Le Premier ministre lui a répondu sur le même ton: "On vient tous les ans. C'est toujours la même chose. Si on ne vient pas, on est des trouillards, si on vient, on vient se pavaner". Manuel Valls a ajouté qu'après la visite la semaine passée du commissaire européen Phil Hogan, il y avait à Bruxelles aussi, "une prise de conscience de la gravité de la crise".
Les éleveurs attendent "des prix rémunérateurs", il faut que le lait soit payé par les laiteries au minimum à 350 euros la tonne (35 centimes le litre contre 30 voire parfois 27 actuellement), et "pour bien réinvestir, il faudrait avoisiner les 400 euros", a expliqué José Baechler, un éleveur du Lot-et-Garonne.
Cette visite a lieu quelques heures avant la fin officielle des négociations commerciales lundi soir à minuit entre les industriels et la grande distribution (GMS), accusée de tirer les prix vers le bas en entraînant les agriculteurs dans cette spirale infernale.
Depuis une dizaine de jours, les principaux acteurs - industriels de l'agroalimentaire et responsables agricoles - se relaient pour dénoncer des "négociations plus dures que jamais" avec les représentants de la GMS, qui prennent parfois l'allure d'une "garde à vue" selon un industriel s'exprimant sous couvert de l'anonymat.
"Nous avons appelé les enseignes de la grande distribution à faire preuve de solidarité en ne baissant pas les prix lors des négociations commerciales pour 2016", prévenait la semaine dernière Manuel Valls. Samedi, le président Hollande a enfoncé le clou, affirmant que l'Etat devait "faire pression sur les distributeurs pour une vraie reconnaissance du travail de l'agriculteur".
Il a annoncé vouloir modifier "avant l'été" la Loi de modernisation de l'économie (LME) adoptée en 2008, sous le quinquennat précédent, afin de garantir une meilleure protection du producteur, parent pauvre de ces négociations.

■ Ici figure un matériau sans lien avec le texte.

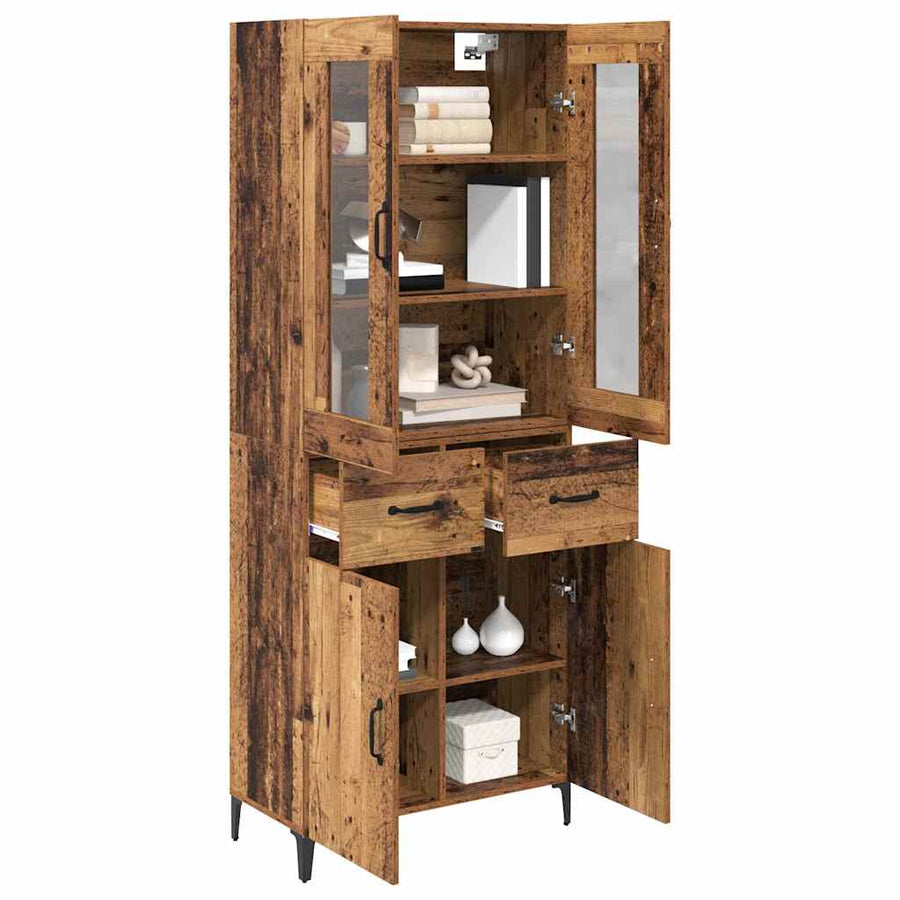 Highboard met lade Oud Hout 69,5 x 34 x 180 cm Bewerkt hout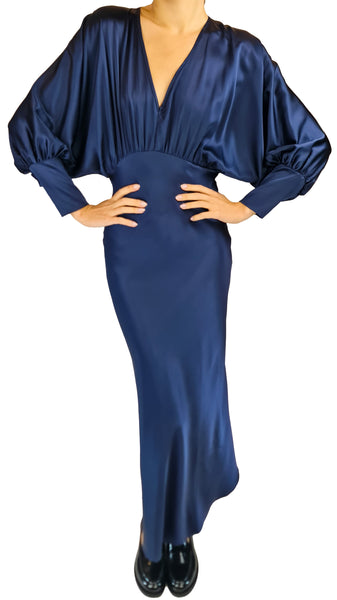 silk95five Navy Silk Stretch Maxi Dress | Luxury Evening Gown   
 Make a dramatic statement in the silk95five Navy Silk Stretch Maxi Dress. Plunging V-neck, batwing sleeves, and a contoured fit for evening glamour.   
 silk95five navy dress, navy silk maxi dress, luxury stretch silk evening gown, designer dolman sleeve dress, silk elastane long gown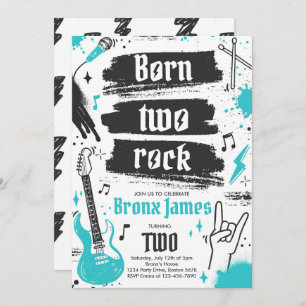 Rock and Roll Party Born Two Rock 2nd Birthday Invitation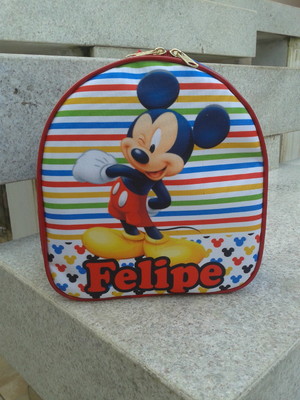 Mochila lancheira termica personalizada, com nome e tema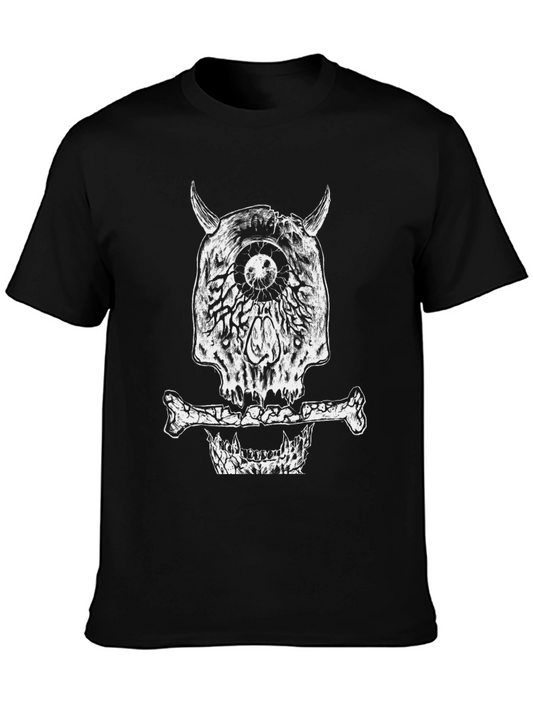 One-Eyed Skull Graphic T-Shirt - Black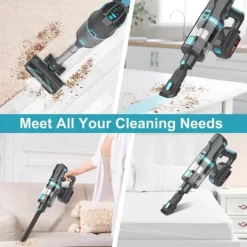 Handdammsugare-UMLo V11 blå & grå sladdlös skaftdammsugare – 2-i-1 handdammsugare & golvdammsugare med HEPA-filter, 300W motor, LED-display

Pour les agriculteurs, la LME rebaptisée "Loi Leclerc", d'après les hyper et supermarchés du même nom, instaure la liberté de négociation des prix entre les centrales d'achat des grandes surfaces et leurs fournisseurs. Ce système permet aux premières d'imposer leurs prix et d'exiger des baisses qui pénalisent les producteurs. "Une loi taillée pour Michel-Edouard Leclerc par son ami Sarkozy", accuse ainsi Bruno, un éleveur laitier du Morbihan.
Ces difficultés purement françaises, liées à l'extrême concentration des enseignes de grande distribution, défendues par quatre centrales d'achat, s'ajoutent à une crise plus conjoncturelle de surproduction, de baisse de la demande et d'embargo russe qui pèse pour ce dernier surtout sur les cours du porc.
Xavier Beulin, le patron de la puissante FNSEA, premier syndicat agricole du pays, a dénoncé ces "patrons d'enseigne la main sur le cœur qui viennent gentiment nous expliquer que tout va bien, qu'eux-mêmes vont prendre leurs responsabilités" alors que leurs groupes demandent des baisses de "-4% et -8% sur tous les produits alimentaires".
M. Beulin a par ailleurs lancé des "appels au calme" pour la venue de Manuel Valls, avec lequel il s'entend bien, sans exclure d'autres "mouvements spontanés" après le démontage samedi du stand du ministère de l'Agriculture et les insultes contre M. Hollande.